Ama sonuç itibari ile bu meselenin bölgeye yayılması ve giderek bunun küresel çatışmanın oluşması riskini de yönetebilip yönetebilmeyeceklerinin hesabının içindeler. Çünkü çok açık Amerika’nın küresel ortamı domine etmek gücünde ciddi bir aşınma var bu aşınmayı da bir çok yerde durdurabilmiş değil. Amerika birçok yerde yenilgiyi tattı. Afganistan'da Irak'ta; Yaşadıkları ortada. Buna hazır bir Kamuoyu da yok aslında. Gazze'deki bu soykırımın Amerika’da yüreklerinde vicdan taşıyan herkese dalga dalga yayılacağını da görmek gerekiyor. Bu tabii kirli ajandaları bunu biraz bastırabilecek. Onlar için önemli olan seçimdir. Tepkilerin sonuç alacağı yer seçimlerdir o açıdan İngiltere de Avrupa da yani İsrail'in koşulsuz yanında yer alacağını diyenlerin insanlık adına işlenen bu büyük suçun yanında yer alanların kendi halkları tarafından nasıl cezalandırılacakları seçime ilişkin nasıl bir yansıma olacağını hesap etmek zorundalar.

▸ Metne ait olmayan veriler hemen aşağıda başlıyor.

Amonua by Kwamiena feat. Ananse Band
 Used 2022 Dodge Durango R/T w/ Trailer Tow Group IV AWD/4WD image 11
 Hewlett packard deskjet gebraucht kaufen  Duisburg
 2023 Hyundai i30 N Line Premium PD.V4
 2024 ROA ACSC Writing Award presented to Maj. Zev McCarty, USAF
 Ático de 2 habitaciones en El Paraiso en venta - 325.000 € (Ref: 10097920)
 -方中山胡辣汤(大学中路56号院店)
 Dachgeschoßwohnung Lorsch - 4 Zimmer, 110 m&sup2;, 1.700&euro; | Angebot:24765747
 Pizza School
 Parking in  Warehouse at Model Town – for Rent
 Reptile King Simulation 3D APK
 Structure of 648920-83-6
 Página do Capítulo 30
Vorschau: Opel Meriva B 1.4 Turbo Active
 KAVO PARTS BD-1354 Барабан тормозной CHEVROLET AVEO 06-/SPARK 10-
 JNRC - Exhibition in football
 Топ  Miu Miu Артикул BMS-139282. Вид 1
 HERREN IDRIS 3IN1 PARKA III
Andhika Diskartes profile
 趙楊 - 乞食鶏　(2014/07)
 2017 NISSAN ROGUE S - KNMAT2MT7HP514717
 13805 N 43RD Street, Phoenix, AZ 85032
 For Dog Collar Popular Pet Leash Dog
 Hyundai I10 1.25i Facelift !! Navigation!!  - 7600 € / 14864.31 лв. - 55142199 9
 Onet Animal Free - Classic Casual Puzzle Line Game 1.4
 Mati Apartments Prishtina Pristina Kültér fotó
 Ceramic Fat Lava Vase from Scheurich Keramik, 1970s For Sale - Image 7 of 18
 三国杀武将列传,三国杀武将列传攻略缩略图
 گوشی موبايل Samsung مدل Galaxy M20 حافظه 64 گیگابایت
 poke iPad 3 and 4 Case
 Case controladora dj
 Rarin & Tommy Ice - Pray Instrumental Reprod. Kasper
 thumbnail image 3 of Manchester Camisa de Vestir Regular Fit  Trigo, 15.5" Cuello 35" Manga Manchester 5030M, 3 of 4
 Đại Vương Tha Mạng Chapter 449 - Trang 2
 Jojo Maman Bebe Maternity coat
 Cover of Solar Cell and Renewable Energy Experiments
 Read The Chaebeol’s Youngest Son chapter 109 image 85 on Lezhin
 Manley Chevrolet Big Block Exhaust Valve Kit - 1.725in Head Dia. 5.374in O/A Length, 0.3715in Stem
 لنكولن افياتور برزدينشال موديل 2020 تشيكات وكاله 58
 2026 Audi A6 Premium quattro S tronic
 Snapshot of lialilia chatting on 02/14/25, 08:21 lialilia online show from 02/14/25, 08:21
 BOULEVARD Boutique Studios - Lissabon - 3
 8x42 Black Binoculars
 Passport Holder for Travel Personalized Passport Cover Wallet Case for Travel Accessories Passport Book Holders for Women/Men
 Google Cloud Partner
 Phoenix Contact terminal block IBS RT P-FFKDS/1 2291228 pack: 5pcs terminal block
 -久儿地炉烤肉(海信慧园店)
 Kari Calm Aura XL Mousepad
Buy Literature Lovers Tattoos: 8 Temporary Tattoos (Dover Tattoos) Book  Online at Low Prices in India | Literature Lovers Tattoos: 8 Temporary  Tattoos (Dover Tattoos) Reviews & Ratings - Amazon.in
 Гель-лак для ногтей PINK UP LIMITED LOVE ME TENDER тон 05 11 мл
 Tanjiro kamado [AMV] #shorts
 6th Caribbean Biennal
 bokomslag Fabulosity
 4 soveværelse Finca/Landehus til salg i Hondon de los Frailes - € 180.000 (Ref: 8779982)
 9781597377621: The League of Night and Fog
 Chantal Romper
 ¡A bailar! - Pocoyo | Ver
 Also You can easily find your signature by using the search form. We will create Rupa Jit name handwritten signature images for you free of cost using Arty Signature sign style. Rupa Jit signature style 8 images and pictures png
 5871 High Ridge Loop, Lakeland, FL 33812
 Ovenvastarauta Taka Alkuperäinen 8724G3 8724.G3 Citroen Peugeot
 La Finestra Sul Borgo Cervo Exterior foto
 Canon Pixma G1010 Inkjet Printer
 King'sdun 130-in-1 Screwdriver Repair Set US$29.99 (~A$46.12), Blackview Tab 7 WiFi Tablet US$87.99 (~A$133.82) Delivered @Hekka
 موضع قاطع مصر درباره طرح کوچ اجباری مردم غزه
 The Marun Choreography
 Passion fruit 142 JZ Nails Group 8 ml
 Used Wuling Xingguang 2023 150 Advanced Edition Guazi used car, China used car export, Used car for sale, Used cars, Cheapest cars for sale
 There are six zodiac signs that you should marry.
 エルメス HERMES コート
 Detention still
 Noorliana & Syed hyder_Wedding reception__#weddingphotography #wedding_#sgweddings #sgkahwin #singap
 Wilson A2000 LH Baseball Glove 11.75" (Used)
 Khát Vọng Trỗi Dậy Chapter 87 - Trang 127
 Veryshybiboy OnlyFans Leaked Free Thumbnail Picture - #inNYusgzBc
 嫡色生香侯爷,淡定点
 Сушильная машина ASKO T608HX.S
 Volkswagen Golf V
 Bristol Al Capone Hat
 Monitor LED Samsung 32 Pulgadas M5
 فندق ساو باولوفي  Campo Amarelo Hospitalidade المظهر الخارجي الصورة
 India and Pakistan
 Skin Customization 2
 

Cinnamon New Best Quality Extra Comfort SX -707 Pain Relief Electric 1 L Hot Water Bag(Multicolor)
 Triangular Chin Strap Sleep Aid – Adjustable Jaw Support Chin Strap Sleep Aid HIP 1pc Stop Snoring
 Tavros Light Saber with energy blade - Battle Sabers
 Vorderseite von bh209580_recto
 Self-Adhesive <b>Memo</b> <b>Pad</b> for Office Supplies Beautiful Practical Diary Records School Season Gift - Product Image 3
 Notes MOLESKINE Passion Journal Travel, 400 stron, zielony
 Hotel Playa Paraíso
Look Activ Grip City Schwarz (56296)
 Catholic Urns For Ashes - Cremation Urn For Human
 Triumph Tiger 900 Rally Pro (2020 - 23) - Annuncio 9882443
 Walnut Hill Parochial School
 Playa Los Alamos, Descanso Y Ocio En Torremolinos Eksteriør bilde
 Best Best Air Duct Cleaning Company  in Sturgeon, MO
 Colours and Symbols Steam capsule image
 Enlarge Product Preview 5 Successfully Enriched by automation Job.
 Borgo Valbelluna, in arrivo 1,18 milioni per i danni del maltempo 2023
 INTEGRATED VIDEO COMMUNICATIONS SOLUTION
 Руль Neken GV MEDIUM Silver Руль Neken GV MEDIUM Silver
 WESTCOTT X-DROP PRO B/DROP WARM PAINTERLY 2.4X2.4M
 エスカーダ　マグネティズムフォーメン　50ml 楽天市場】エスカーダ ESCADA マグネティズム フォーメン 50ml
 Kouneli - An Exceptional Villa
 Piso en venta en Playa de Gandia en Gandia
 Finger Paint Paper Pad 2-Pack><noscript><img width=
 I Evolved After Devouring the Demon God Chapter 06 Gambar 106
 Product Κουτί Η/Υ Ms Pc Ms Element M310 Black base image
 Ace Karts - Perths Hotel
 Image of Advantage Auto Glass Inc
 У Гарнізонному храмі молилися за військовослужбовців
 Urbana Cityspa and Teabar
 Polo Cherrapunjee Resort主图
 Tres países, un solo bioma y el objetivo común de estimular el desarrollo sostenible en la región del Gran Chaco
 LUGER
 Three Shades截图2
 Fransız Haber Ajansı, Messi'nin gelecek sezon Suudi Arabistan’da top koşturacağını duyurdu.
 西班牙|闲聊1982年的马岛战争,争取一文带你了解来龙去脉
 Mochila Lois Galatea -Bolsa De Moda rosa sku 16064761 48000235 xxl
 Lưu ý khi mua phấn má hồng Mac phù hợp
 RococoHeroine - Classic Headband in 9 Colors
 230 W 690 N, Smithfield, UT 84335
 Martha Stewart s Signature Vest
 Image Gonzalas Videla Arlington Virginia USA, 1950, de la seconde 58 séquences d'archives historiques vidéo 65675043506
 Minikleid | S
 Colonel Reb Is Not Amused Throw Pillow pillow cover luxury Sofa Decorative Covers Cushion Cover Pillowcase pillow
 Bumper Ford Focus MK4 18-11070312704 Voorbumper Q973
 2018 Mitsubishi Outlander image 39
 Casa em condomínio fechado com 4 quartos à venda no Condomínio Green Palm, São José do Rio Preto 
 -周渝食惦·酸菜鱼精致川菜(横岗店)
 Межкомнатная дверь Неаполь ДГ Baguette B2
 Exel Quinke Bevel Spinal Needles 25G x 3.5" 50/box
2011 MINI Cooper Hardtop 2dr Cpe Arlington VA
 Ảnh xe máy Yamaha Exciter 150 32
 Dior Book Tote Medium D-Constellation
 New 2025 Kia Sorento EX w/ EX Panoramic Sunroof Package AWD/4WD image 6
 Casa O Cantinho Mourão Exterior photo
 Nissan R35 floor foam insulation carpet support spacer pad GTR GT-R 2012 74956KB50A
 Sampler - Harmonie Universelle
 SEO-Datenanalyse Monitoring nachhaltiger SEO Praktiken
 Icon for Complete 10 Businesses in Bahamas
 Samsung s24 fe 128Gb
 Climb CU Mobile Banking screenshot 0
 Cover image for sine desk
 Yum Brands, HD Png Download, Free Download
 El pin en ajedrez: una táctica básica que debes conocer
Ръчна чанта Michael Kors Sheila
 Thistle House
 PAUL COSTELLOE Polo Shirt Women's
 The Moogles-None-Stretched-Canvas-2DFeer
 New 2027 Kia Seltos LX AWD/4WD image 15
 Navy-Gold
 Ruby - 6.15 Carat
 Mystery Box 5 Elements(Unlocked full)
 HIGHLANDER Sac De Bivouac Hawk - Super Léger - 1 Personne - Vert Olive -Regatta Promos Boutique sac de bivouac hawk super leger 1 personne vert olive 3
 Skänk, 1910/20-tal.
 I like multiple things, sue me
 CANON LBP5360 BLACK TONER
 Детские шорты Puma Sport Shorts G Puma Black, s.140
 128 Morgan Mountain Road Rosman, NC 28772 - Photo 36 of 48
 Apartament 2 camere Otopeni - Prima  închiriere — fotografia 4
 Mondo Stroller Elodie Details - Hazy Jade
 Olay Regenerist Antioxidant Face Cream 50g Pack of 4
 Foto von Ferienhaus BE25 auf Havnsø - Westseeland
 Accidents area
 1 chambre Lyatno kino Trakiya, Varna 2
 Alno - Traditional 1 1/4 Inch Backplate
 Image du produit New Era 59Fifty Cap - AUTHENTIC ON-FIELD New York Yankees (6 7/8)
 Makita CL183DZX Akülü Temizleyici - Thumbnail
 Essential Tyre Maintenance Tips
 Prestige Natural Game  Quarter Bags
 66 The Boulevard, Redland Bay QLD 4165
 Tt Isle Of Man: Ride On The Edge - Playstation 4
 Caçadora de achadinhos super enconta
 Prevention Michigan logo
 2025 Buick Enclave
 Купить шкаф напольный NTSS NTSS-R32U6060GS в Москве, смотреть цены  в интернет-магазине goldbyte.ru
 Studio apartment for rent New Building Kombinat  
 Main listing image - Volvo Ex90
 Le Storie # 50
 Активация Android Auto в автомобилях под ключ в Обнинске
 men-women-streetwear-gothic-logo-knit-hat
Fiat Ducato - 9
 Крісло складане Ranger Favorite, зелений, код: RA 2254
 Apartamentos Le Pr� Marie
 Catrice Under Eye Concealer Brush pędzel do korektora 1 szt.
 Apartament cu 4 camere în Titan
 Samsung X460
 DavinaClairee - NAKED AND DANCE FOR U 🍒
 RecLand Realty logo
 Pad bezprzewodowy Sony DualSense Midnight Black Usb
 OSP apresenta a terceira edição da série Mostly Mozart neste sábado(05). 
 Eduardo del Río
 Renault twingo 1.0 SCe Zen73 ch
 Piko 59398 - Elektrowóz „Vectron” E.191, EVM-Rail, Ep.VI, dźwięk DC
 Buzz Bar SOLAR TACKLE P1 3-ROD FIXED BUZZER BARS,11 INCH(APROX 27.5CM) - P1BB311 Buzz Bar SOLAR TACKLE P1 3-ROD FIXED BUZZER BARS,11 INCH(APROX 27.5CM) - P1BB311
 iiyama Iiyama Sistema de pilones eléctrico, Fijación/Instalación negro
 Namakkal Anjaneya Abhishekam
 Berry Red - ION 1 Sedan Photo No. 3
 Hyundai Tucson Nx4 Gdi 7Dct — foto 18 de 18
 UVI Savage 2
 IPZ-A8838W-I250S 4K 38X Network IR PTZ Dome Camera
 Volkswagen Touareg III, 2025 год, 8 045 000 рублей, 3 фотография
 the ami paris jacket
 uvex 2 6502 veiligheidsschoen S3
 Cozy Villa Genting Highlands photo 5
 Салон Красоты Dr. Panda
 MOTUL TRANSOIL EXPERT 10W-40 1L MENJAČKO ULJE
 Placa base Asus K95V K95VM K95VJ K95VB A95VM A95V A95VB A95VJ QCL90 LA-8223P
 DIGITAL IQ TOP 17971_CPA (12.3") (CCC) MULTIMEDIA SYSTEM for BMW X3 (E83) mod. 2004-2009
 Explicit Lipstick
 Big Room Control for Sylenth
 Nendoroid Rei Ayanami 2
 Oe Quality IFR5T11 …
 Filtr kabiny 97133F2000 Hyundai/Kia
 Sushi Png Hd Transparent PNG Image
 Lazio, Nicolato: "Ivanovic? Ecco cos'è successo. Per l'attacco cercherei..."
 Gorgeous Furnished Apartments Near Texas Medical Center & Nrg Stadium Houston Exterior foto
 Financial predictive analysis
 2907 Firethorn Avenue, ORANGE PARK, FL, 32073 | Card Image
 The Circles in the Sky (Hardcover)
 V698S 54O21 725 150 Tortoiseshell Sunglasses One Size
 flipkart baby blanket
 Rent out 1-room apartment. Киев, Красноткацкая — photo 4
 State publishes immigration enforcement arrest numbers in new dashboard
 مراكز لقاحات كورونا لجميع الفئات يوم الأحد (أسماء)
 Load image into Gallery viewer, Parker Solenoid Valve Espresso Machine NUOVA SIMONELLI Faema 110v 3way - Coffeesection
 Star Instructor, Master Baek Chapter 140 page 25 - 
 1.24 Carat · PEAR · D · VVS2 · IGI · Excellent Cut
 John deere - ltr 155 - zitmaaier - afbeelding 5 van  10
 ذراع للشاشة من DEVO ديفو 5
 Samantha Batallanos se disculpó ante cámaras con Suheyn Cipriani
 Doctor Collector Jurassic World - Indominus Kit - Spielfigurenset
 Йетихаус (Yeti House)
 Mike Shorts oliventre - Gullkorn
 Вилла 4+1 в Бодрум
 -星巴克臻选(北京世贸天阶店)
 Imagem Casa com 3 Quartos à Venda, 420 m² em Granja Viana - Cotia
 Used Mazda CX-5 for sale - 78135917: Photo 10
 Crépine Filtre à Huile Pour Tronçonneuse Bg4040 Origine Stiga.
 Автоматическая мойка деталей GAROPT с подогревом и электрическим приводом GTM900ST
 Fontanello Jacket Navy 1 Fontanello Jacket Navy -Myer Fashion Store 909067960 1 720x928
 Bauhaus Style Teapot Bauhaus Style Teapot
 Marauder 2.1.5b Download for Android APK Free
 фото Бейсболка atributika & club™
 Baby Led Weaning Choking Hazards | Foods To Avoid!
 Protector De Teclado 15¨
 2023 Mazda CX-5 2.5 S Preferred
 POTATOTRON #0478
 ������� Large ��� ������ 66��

Ama sonuç itibari özellikle Netanyahu’nun saldırı kararı 11 Eylül meselesi gibi. Nasıl Irak'ın sahteliklerle işgal edilmiştir Netanyahu da büyük İsrail projesi altında parçalanmış Irak, Suriye, Türkiye ve hatta mümkünse parçalanmış İran en önemli hedefidir. Bu emperyalist bir projedir. İsrail de epmeryalismin en şımarık çocuğudur. Emperyalizm böyle kritik noktalarda bazı tampon coğrafyalarda yerleştirdiği karakolları ile de iş görmek ister. Bunlardan bir tanesi Ermenistan'dır. Ermenistan'ın yoksul halkı onarın umrunda değil ve bu ülkeyi karakol gibi kullanmak istemektedirler. Bir tanesi Yunanistan’dır. Bugün giderek üstler coğrafyasına dönüştürüp Doğu Akdeniz'de kurmak istedikleri yeni sömürge jeopolitiğin bir parçası yapmak istemektedirler ve İsrail tabii en önemli karakollarıdır. 1986 yıllarında Biden daha senatorken “İsrail olmasaydı biz yenisini icad ederdik" demişti. Geçenlerde Tel Aviv'de de gel git aklımla bunu tekrarladı. Yani Amerika diyor ki burası bizim karakolumuzdur.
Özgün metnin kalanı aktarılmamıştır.